10. Februar 2026
Newsletter Marke Design Wettbewerb Februar 2026 – 1 von 8 Insights
Die EU-Verordnung 2019/787 (sog. „Spirituosen-VO“) regelt die Kennzeichnung von Spirituosen in der Europäischen Union. Bezeichnungen wie „Gin“, „Rum“, „Whisky“ uvm. werden genau definiert und ihre Verwendung durch die entsprechenden Produkte vorgeschrieben (im Weiteren: „geschützte Bezeichnungen“). Die so bezeichneten Waren (im Weiteren: „geschützte Spirituosen“) müssen einen bestimmten Mindestalkoholgehalt aufweisen, außerdem werden das Herstellungsverfahren und die zulässigen Zutaten festgelegt. Für Lebensmittel, die den jeweiligen Anforderungen nicht entsprechen, wird die Verwendung der entsprechenden Bezeichnung in Art. 10 Abs. 7 Spirituosen-VO verboten. Dies gilt explizit sogar dann, wenn die geschützte Bezeichnung in Verbindung mit Wörtern wie „Art“, „Typ“, „à la“, „Fasson“, „Stil“, „Marke“, „-geschmack“ oder anderen ähnlichen Begriffen verwendet wird. Auch eine Anspielung auf die Bezeichnungen ist unzulässig. Hiervon gibt es nur wenige, eng umgrenzte Ausnahmen.

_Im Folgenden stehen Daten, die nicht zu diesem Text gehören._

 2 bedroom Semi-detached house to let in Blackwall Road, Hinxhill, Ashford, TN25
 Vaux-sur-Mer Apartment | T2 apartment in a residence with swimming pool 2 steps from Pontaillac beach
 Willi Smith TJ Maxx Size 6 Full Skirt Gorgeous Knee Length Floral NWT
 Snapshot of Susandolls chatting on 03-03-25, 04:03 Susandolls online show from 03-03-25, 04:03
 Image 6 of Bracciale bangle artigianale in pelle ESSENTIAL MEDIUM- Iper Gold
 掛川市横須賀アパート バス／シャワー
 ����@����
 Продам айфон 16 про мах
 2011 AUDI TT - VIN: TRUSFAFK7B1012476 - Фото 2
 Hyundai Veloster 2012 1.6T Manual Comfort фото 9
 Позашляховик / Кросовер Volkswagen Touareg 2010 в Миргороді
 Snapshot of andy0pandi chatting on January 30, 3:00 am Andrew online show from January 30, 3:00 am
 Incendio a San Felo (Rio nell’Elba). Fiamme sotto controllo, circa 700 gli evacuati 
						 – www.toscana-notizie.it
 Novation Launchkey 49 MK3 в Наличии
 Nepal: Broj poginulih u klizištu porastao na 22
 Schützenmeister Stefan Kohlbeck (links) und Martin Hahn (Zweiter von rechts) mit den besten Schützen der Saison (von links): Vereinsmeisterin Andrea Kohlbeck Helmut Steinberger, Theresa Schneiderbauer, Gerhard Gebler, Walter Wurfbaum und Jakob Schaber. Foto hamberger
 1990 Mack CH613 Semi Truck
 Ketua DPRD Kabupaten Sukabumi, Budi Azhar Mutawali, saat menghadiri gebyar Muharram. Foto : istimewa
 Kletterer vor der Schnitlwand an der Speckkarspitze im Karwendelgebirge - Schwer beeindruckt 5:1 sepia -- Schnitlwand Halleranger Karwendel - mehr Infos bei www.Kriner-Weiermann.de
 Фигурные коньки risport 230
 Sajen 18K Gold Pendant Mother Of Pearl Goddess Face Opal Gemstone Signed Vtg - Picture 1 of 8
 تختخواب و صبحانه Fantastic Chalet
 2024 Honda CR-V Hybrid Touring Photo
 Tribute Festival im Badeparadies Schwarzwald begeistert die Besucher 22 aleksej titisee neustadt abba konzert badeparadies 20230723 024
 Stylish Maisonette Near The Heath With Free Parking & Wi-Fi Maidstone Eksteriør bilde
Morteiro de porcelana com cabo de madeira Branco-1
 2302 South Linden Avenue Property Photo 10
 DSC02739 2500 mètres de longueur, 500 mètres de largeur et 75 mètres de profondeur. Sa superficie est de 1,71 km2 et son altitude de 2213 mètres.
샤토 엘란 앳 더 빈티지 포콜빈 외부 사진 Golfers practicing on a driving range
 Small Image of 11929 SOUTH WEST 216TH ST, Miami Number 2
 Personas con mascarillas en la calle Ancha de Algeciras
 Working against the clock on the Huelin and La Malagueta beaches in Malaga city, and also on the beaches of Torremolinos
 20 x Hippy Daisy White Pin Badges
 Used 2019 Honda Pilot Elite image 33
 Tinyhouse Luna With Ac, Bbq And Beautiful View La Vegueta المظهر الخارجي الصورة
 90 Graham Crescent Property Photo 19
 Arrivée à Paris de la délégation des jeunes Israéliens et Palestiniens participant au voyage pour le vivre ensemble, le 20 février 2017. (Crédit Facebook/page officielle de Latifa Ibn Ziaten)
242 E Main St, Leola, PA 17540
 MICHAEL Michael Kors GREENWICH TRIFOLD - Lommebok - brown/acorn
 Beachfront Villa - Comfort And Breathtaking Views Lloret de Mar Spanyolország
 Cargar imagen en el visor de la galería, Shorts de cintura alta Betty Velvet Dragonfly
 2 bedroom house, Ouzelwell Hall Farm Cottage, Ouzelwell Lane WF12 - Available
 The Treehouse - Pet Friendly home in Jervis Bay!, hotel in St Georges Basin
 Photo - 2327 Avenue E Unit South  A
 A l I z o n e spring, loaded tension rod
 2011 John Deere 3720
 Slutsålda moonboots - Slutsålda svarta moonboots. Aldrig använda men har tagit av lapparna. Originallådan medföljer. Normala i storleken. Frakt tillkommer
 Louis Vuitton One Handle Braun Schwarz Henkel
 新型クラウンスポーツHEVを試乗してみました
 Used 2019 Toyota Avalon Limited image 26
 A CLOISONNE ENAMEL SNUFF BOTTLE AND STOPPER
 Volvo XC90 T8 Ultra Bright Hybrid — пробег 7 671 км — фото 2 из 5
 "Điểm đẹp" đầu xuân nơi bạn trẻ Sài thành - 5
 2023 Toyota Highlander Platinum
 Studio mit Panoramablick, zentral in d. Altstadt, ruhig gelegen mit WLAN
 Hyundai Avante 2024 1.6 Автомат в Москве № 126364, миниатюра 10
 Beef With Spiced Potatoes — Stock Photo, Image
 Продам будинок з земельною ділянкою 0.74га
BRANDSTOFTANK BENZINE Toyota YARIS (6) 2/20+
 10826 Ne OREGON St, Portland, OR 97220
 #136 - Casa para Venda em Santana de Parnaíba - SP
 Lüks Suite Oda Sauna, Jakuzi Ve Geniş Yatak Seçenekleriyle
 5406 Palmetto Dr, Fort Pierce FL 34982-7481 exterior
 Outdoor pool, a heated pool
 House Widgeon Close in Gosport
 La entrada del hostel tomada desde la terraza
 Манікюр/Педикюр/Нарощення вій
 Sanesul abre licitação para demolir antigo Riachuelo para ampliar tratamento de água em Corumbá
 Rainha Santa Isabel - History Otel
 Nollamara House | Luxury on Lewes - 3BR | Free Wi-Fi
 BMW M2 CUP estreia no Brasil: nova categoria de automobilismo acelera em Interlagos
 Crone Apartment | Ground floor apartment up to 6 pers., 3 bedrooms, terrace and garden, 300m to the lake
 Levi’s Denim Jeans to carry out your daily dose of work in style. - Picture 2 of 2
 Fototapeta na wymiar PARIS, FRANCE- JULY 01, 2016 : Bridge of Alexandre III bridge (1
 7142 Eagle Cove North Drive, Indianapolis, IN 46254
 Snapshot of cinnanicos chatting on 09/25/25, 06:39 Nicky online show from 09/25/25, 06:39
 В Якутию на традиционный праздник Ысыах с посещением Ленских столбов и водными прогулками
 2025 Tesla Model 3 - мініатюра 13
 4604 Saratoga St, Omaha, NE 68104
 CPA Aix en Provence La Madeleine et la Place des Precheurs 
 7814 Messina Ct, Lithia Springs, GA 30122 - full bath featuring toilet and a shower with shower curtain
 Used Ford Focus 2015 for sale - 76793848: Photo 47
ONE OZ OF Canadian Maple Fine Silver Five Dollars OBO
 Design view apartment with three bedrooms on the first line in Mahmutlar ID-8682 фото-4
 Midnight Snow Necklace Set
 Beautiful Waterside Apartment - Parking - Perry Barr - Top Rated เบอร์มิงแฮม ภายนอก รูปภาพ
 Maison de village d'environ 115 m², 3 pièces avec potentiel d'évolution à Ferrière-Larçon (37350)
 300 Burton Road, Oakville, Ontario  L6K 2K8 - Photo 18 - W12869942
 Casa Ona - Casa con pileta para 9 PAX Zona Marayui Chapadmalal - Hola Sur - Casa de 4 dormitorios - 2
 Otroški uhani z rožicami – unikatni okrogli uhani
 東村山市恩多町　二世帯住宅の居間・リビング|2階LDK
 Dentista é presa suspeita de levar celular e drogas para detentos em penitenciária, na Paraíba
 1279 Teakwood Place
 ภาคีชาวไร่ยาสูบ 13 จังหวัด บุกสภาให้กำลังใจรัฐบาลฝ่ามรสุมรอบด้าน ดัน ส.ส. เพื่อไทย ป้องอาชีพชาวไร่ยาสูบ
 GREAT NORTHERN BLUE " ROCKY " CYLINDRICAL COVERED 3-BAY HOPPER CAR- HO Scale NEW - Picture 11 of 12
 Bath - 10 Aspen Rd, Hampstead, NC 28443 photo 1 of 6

Der EuGH hat nun bestätigt, dass die Spirituosen-VO auch der Verwendung der geschützten Bezeichnungen für alkoholfreie Ersatzprodukte zu den geschützten Spirituosen entgegensteht.
2024 wandte sich der Verband Sozialer Wettbewerb e. V. gegen die Verwendung der Bezeichnung „Virgin Gin Alkoholfrei“ für ein alkoholfreies Ersatzprodukt für Gin und reichte Unterlassungsklage beim Landgericht Potsdam ein. Der Verband sah hierin einen Verstoß gegen Art. 10 Abs. 7 Spirituosen-VO, da „Gin“ nach der Verordnung einen Mindestalkoholgehalt von 37,5 % Vol. aufweisen muss.
Das Landgericht Potsdam konnte keinen legitimen Zweck erkennen, dem ein Verbot der Bezeichnung eines alkoholfreien Ersatzproduktes für Gin als „Gin Alkoholfrei“ dienen würde. Es stimmte dem Hersteller zu, dass eine Täuschungsgefahr für Verbraucher nicht bestehe. Auf die Nichteinhaltung des Mindestalkoholgehaltes würden die Verbraucher deutlich hingewiesen. Da unter diesen Umständen kein Verbraucher davon ausgehe einen traditionell hergestellten „Gin“ zu erhalten, werde auch das Ansehen dieser Spirituose nicht gefährdet.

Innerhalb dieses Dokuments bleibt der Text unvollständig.